Now, new scientific studies have pointed out that [since the Vostok study] the present-day atmospheric burdens of carbon dioxide and methane has climbed further and seem to have been unprecedented during the past 2 million years...

My own assessment is that by reintroducing the massive amount of carbon back into the carbon equation of the earth surface, by burning fossil fuel, we are driving the planet to behave like it did back in the early Cretaceous, about 120 million years ago, with sea level about 100 metres above present sea level — and NO ice-caps. 

My estimate is that one of our saving grace at present — delaying the full-blown process of warming, can be noted with the different behaviour of the Arctic and the Antarctic — is that Antarctica is a continent isolated by an uninterrupted sea around it. This enforces a greater stability of climatic condition in that region compared to the north pole.

As well the warming of sea-water is "energy intensive". Around 90 per cent of the global warming energy is absorbed by the sea, with temperature rising far slower that atmospheric erratic increments, adding to stronger differentials for the creation of more powerful storms. Warmer sea with colder air above or cool sea with warmer air above can increase storm activity and power.

The earth axis and orbital wobbles also influence the behaviour of climate on a regular basis. In the past a warmer clime induced by a "regular" axis/orbit wobble possibly bring the planet closer to the sun or a more intense sun may have induced a warming which in turn would have induced release of CO2 and methane. This release would have invariably compounded the warming until the following cooling. What would induce cooling? Mostly a change in the photosynthetic equation in which say the heat intensifies the water vapour which in turn intensifies the absorption of CO2 in plants, leading to release of O2, a cooling gas as well as the cloudy water vapour which act as an albedo blanket during the day. 

The earth axis and orbital wobbles ARE NOT presently INFLUENCING  the amount of greenhouse gases in the atmosphere, nor are they influencing climate to a noticeable extent. 

Humans are.

We are burning fossil fuels, releasing CO2 in the atmosphere and letting methane add-on in the process. At the same time we have reduced the "green" equation of photosynthesis by cutting rain-forest, by cultivation and other forms of land modification — as well as increasing the acidification of the sea. Note that photosynthesis, from land and sea, represents about 6 times the amount of energy that humans use/ release on a yearly basis.

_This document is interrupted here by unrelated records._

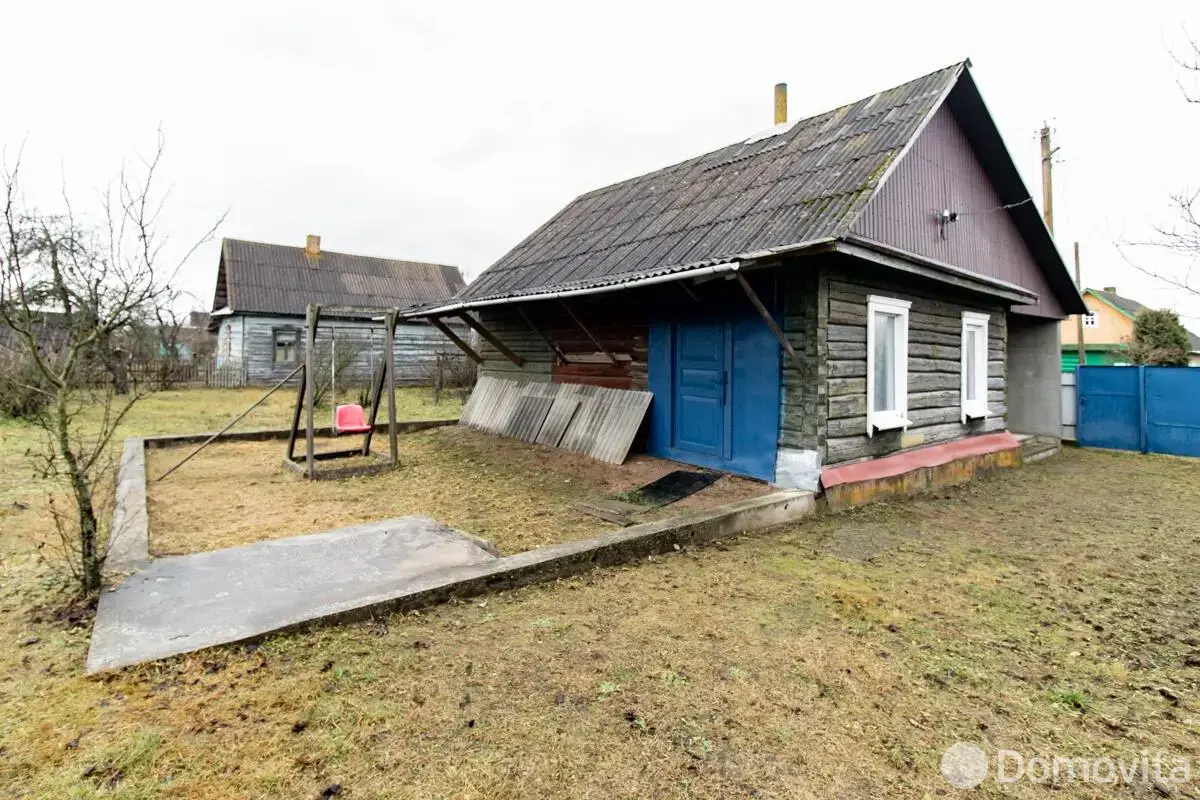 купить дом, Пятилетка, ул. Главная, д. 22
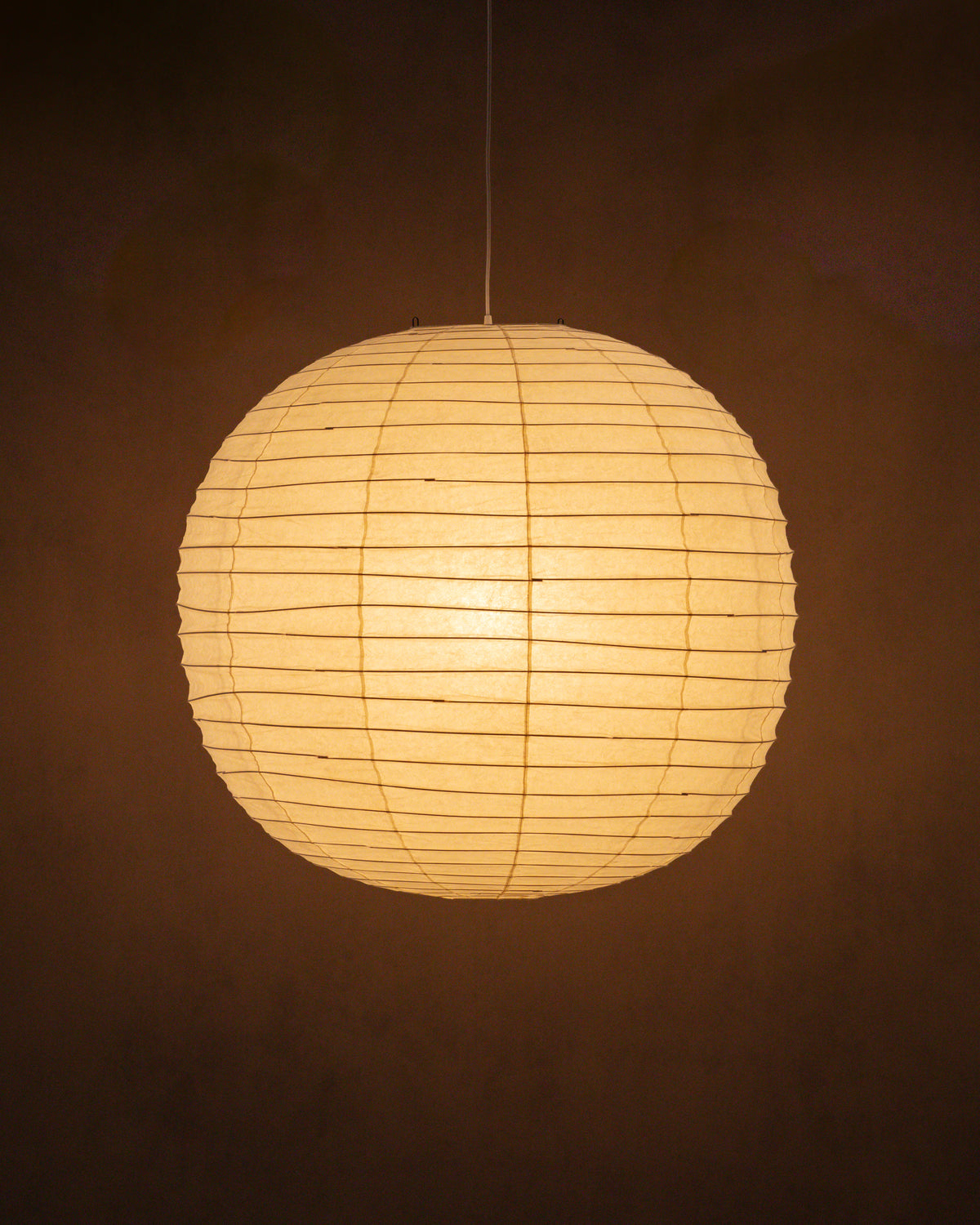 Akari 95F — The Noguchi Museum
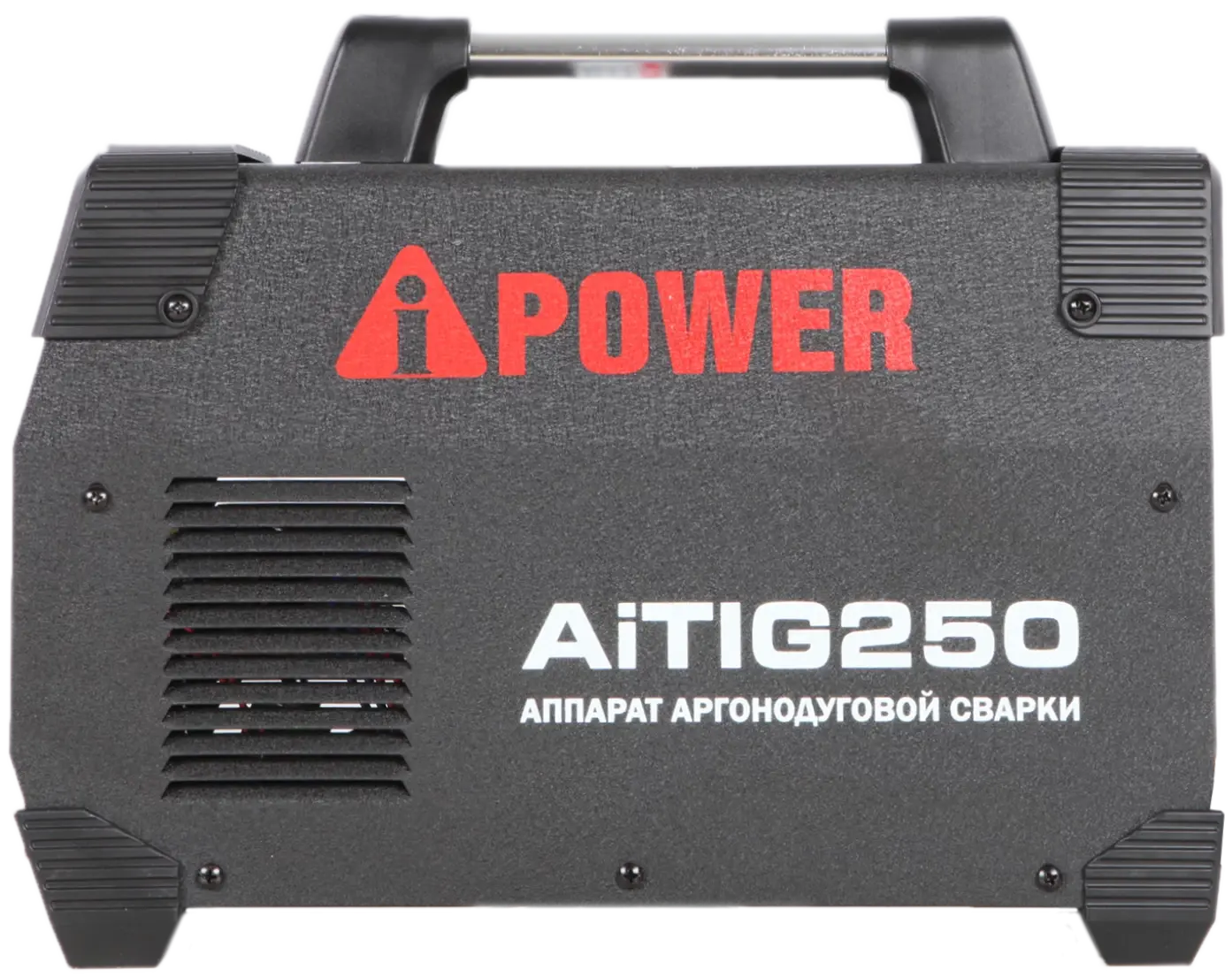 Аргонодуговой сварочный аппарат A-IPOWER AITIG250 Гарантия 4 года Официальный магазин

The "natural" equilibrium within the range, as measured in the Vostok up and lower levels, of CO2 has been BLOWN OUT by our adding about 200 ppm of CO2 since the industrial revolution, into the atmosphere gaseous mix. 

Please note also that YEARLY CHANGES ARE NOT LINEAR though the LONG trend is quite linear: up. The planet surface is warming up. When one does the comparative sums with the Vostok record at hand, we can expect a rise of 15 degrees Celsius by 2150. By then the average temperature of the planet could be 30 degrees Celsius, with varied temperature banding with the poles showing the biggest increase in temperature and the equatorial region with less increase in temperature.

Gus — a friend of this little planet.

the fertilization effect...

AUSTRALIAN SCIENTISTS have solved one piece of the climate puzzle. They have confirmed the long-debated fertilization effect.

Plants build their tissues by using photosynthesis to take carbon from the air around them. So more carbon dioxide should mean more vigorous plant growth — though until now this has been very difficult to prove.

Dr Randall Donohue of the CSIRO in Canberra and his colleagues developed a mathematical model to predict the extent of this carbon dioxide fertilization effect.

Between 1982 and 2010, carbon dioxide levels in the atmosphere increased by 14 per cent. So, their model suggested, foliage worldwide should have increased by between 5 and 10 per cent.